[Problem to solve]: Copy exactly the lines of the records below, and only those lines, beginning with the line that contains "2 bedroom flat" and ending with the line that contains "Anne Kline Black with silver, 6MD.".

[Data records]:
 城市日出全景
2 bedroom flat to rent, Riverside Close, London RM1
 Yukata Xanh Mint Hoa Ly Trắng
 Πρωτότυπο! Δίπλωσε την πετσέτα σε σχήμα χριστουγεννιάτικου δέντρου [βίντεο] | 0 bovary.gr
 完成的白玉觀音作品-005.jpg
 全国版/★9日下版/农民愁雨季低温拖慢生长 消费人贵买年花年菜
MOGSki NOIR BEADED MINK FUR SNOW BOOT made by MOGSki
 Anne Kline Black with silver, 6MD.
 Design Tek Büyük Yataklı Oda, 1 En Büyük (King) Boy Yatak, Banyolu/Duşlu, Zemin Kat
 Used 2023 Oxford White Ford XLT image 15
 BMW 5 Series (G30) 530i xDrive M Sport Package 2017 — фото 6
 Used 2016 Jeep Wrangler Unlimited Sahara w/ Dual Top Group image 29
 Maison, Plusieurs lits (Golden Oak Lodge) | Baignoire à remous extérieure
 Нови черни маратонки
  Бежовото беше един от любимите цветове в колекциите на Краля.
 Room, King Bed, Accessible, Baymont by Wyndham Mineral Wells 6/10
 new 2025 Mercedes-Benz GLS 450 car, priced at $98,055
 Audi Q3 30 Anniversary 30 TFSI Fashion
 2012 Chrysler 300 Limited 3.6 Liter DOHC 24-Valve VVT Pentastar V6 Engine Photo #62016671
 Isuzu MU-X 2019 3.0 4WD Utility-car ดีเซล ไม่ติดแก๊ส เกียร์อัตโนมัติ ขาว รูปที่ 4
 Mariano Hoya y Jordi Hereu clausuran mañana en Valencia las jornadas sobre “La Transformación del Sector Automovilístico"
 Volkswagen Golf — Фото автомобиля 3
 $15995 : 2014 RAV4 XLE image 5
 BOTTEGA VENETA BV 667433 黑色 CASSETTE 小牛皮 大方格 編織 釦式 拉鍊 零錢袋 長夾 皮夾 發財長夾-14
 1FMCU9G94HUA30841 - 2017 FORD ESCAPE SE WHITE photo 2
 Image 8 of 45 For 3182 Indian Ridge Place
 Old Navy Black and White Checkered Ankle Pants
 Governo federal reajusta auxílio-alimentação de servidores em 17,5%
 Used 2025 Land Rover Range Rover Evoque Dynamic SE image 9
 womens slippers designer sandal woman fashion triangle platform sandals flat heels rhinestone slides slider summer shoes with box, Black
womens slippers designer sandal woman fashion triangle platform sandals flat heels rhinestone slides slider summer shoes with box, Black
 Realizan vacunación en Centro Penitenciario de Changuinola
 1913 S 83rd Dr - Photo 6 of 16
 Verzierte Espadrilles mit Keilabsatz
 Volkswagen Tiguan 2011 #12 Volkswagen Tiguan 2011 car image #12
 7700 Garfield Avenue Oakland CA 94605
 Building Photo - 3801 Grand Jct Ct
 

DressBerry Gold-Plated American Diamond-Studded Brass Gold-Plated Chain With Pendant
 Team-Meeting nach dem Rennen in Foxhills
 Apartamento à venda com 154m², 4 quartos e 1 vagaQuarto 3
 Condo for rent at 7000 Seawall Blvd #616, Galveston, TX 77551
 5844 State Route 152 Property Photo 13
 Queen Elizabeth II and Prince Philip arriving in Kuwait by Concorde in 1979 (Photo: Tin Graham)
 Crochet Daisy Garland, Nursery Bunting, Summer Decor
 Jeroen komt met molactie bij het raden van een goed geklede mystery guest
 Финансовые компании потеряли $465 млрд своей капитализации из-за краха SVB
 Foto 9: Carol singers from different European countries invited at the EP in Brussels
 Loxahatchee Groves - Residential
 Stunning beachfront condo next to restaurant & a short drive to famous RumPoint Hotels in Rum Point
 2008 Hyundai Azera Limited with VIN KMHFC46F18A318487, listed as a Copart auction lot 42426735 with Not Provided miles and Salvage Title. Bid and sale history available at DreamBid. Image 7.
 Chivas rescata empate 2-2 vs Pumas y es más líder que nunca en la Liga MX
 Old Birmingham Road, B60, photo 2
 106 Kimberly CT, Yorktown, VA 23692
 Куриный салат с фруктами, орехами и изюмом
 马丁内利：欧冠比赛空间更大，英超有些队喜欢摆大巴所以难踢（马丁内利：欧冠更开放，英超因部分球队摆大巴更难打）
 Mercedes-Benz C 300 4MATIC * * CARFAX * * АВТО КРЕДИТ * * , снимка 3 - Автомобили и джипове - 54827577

[Answer to the exercise]:
2 bedroom flat to rent, Riverside Close, London RM1
 Yukata Xanh Mint Hoa Ly Trắng
 Πρωτότυπο! Δίπλωσε την πετσέτα σε σχήμα χριστουγεννιάτικου δέντρου [βίντεο] | 0 bovary.gr
 完成的白玉觀音作品-005.jpg
 全国版/★9日下版/农民愁雨季低温拖慢生长 消费人贵买年花年菜
MOGSki NOIR BEADED MINK FUR SNOW BOOT made by MOGSki
 Anne Kline Black with silver, 6MD.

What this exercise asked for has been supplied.